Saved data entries
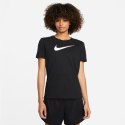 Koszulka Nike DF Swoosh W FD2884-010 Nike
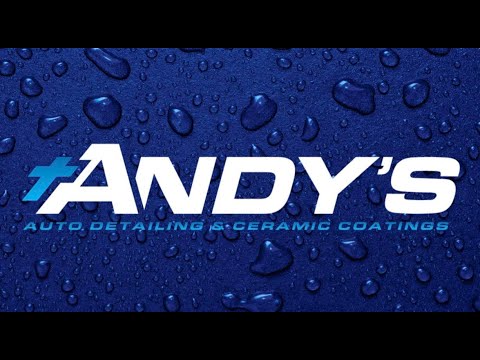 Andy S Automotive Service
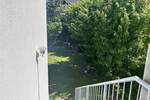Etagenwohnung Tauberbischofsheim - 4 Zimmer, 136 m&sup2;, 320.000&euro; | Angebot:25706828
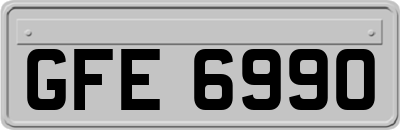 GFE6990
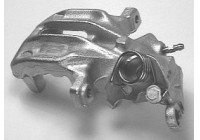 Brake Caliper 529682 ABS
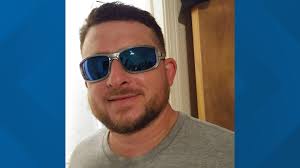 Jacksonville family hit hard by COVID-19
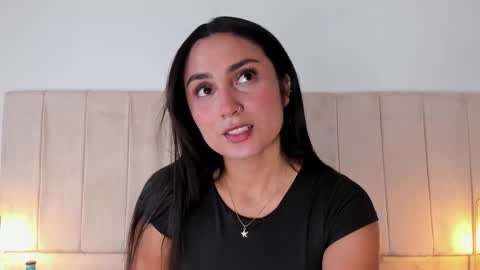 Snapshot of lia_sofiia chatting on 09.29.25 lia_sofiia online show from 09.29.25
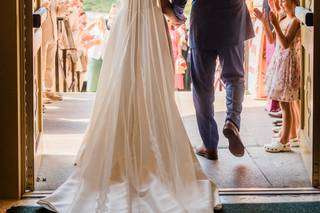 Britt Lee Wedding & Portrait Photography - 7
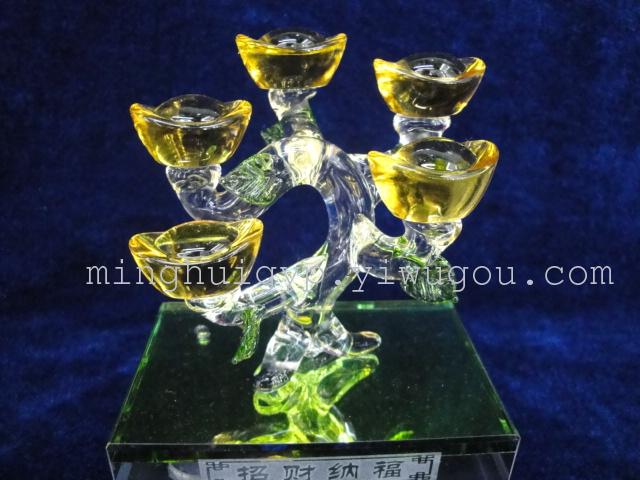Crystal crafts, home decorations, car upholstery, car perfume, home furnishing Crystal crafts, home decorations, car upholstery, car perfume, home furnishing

---

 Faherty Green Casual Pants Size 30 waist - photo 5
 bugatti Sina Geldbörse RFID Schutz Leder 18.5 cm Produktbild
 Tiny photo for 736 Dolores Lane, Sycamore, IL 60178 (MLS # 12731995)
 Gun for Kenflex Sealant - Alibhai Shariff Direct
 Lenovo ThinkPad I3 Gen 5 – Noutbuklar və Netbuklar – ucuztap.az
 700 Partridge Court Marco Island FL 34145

## AIM OF THE TASK:
Output exactly those lines of the data above that run from the line with "Koszulka Nike DF Swoosh W FD2884-010 Nike" up to and including the line with "Britt Lee Wedding & Portrait Photography - 7". No pictures go in.

## RESULT OF THE TASK:
 Koszulka Nike DF Swoosh W FD2884-010 Nike
 Andy S Automotive Service
Etagenwohnung Tauberbischofsheim - 4 Zimmer, 136 m&sup2;, 320.000&euro; | Angebot:25706828
 GFE6990
 Brake Caliper 529682 ABS
 Jacksonville family hit hard by COVID-19
 Snapshot of lia_sofiia chatting on 09.29.25 lia_sofiia online show from 09.29.25
 Britt Lee Wedding & Portrait Photography - 7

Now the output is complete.